§ **Problem requirements**
Each entry should be duplicated verbatim; its pictures should not be.

Dataset entries
BEGIN
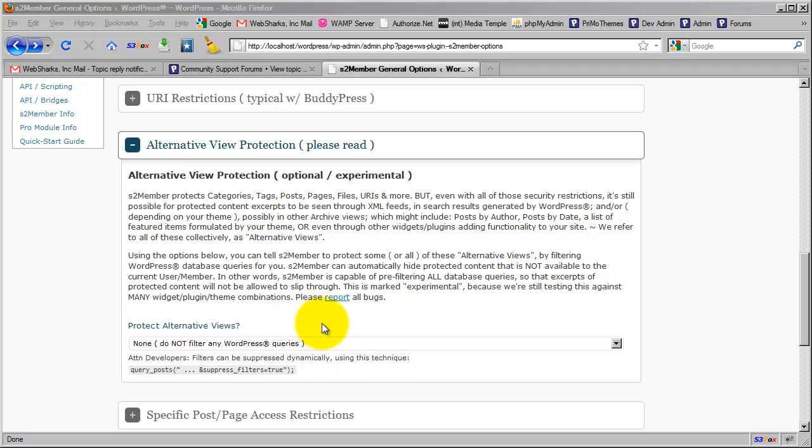It's filtering against those. But if you have a theme or a plugin that is doing custom queries directly to the database, then obviously there's no methodical way for S2Member to interject its own filters in those types of queries.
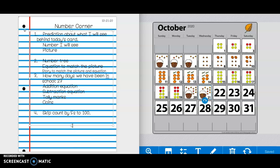All right, and our last job for number corner today is we are going to, next to the number four, skip count by fives to 100. So start at five, put a comma, ten, comma, and then keep going all the way up to 100.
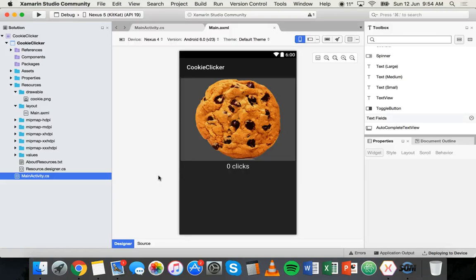Hi and welcome to another Xamarin tutorial. In this tutorial I'm going to show you how to change the icon for your Android app.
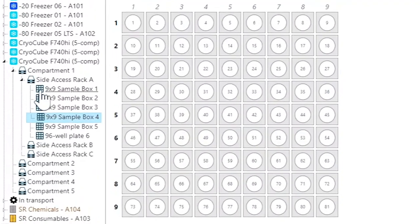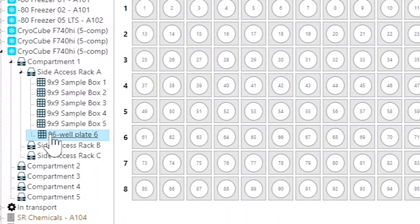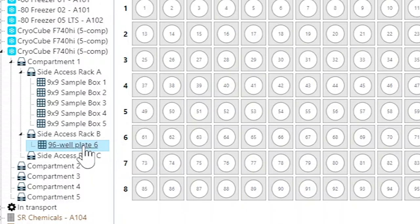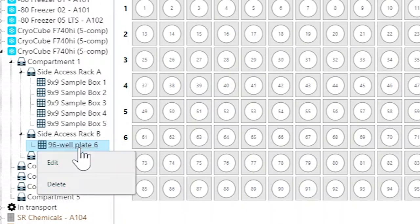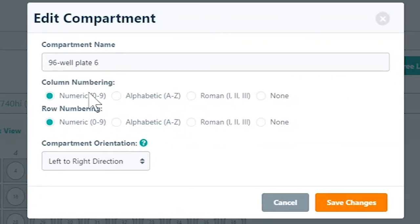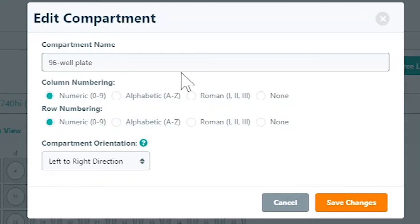You can easily move around compartments to different locations using drag and drop. Activate additional edit options by using the right click action and clicking edit. Here you can edit the name as well as other compartment information.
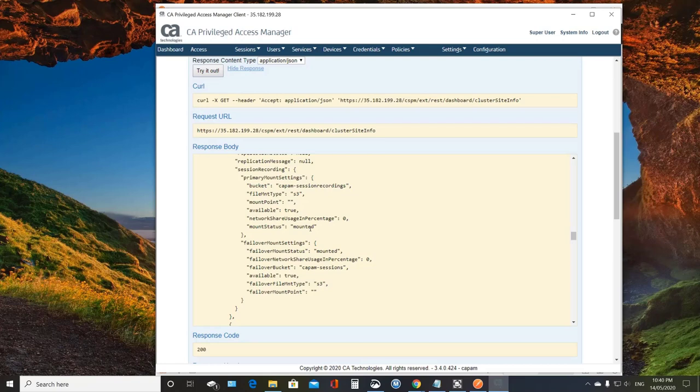But what can we do with this? And so the idea behind having this available on an API is to easily integrate with basically any external destination of this data.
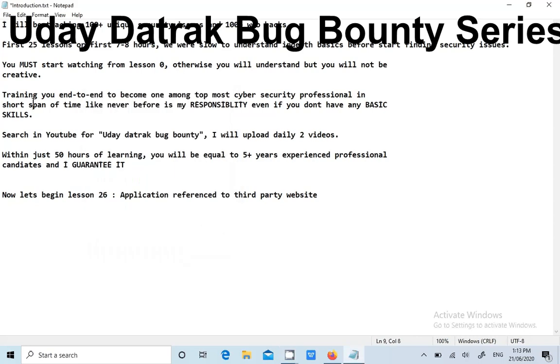Hi guys, I will be teaching 100 plus unique security issues and 100 plus web hacks. In the first 25 lessons, we took around 7 to 8 hours to understand in-depth basics. You must watch it from lesson 0, otherwise you will not be creative.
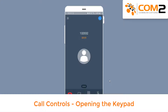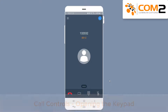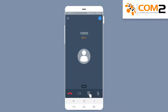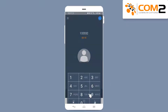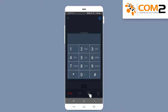On some calls you may be prompted to enter a digit, for example when you call into your bank. Tapping on the keypad icon will open your keypad and allow you to enter a number by tapping on the number.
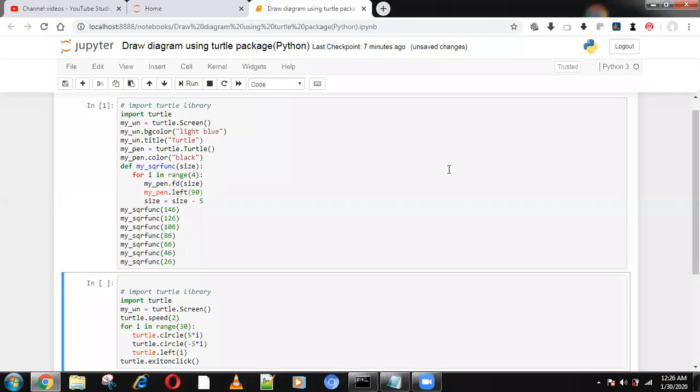Hello guys, welcome to Immortal Coders. Today we are going to see how to draw diagrams using the turtle package in Python. We are going to set the background color, set the title, and choose any color.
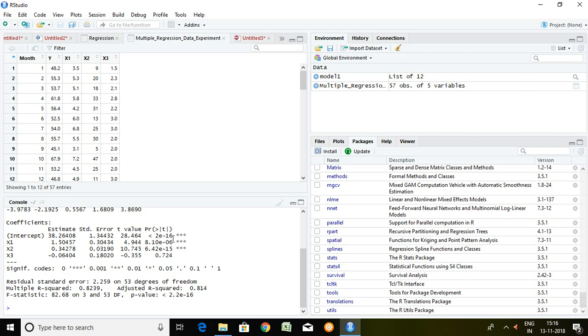These are T value and finally these are P value. Intercept is also significant. X1 is also significant. X2 is also significant. But talking about X3, X3 is not significant in terms of explanation of Y.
END
§ **Task response**
It's filtering against those. But if you have a theme or a plugin that is doing custom queries directly to the database, then obviously there's no methodical way for S2Member to interject its own filters in those types of queries.
All right, and our last job for number corner today is we are going to, next to the number four, skip count by fives to 100. So start at five, put a comma, ten, comma, and then keep going all the way up to 100.
Hi and welcome to another Xamarin tutorial. In this tutorial I'm going to show you how to change the icon for your Android app.
You can easily move around compartments to different locations using drag and drop. Activate additional edit options by using the right click action and clicking edit. Here you can edit the name as well as other compartment information.
But what can we do with this? And so the idea behind having this available on an API is to easily integrate with basically any external destination of this data.
Hi guys, I will be teaching 100 plus unique security issues and 100 plus web hacks. In the first 25 lessons, we took around 7 to 8 hours to understand in-depth basics. You must watch it from lesson 0, otherwise you will not be creative.
On some calls you may be prompted to enter a digit, for example when you call into your bank. Tapping on the keypad icon will open your keypad and allow you to enter a number by tapping on the number.
Hello guys, welcome to Immortal Coders. Today we are going to see how to draw diagrams using the turtle package in Python. We are going to set the background color, set the title, and choose any color.
These are T value and finally these are P value. Intercept is also significant. X1 is also significant. X2 is also significant. But talking about X3, X3 is not significant in terms of explanation of Y.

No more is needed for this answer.